Nevertheless, Donald Trump has reignited business optimism and promised a return to traditional means of stimulating the US economy and signaled a move away from relying on the Central Bank.

Markets have responded to this optimism, as they are valued on future profits prices have adjusted to reflect the heavy expectation that corporate earnings will be significantly higher next year than they are now.

However, all this relies on Trump delivering and also that events elsewhere in the world do not dilute his growth strategy.

It is very early days into his controversial Presidency and nothing economically, as yet, has happened.

The probability that he will deliver on at least his deregulation and tax cuts agenda is high, especially given the pro-business orientation of his cabinet and the Republican control of both Houses of Congress. However, there is the danger he will become distracted with other issues and the markets start to lose patience with him.

Bookies have odds for Trump being impeached at 3 to 1.

But it is Trump’s policies that the markets like, not necessarily the man.

Donald Trump v Ronald Reagan

In November 1980, Ronald Reagan was elected President replacing Jimmy Carter. Americans decided that the country driven by economic decline and international embarrassment needed a change.

Trump’s economic proposals of cutting taxes, increasing military and infrastructure spending are similar to Reagan’s.

But there are very different circumstances, in 1980 rampant inflation and low growth had led to a severe recession.

When Reagan was elected, the 10-year Treasury yield was 12.7% due to equally high levels of inflation.

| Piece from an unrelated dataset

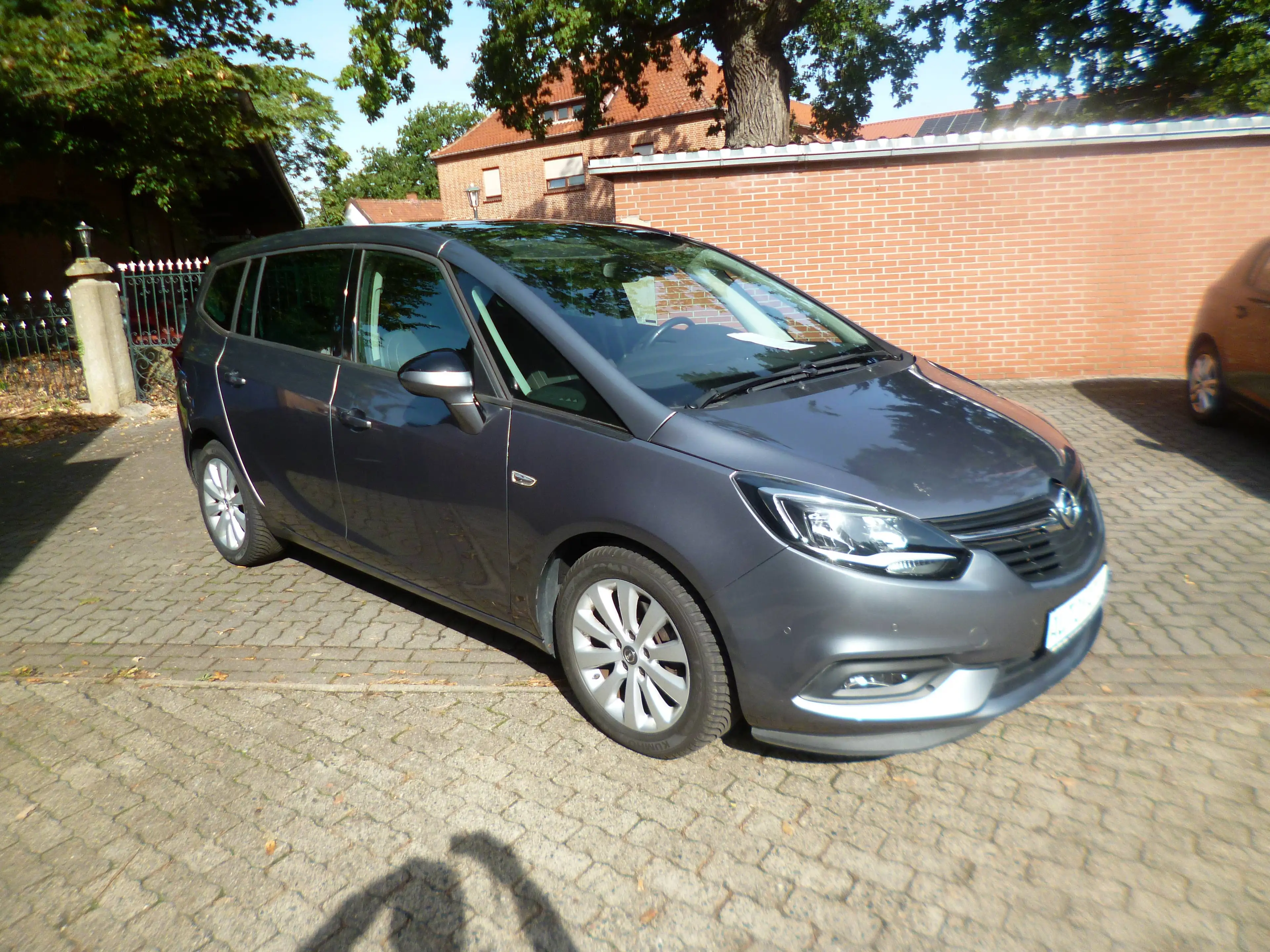 Opel Zafira Tourer Zafira 1.4 Turbo Automatik, neue Allwetterbereifung — photo 2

When Trump was elected, the same Treasury rate was about 1.9%, it is now 2.4%.

The Credit Crunch of 2008 has effectively meant stagnation not recession but there has been a similar decline in US industry.

Jobs have been created but on low wages and in Starbucks and Amazon not at Caterpillar and GM.

Interestingly, Trump’s stimulus plan of $500 billion plus per year is substantially bigger inflation-adjusted than Reagan’s.

So Reagan and Trump have similar plans, are both controversial characters, have some similarity in the employment situation but start from very different economic circumstances.

Can we use the Reagan period as a “roadmap” for Trump?

Source: Altaira Capital Partners

These charts from highly respected Technical Analyst Ralph Acampora highlight that the Dow had a 15% run from the Election Day 1980 until April 1981.

Then, as Reagan struggled to get Congress to implement his policies, the market pulled back, before setting off on a multi-year bull run.

Intriguingly, since Trump’s victory the Dow is up about 10% and on this basis could have further to go. However, could the same thing happen to Trump, might he also struggle to get his plans passed by Congress?

Budget Debt

Trump is inheriting a budget deficit of $10 trillion over the next 10 years and this is before any of his tax cuts or infrastructure/defence spending.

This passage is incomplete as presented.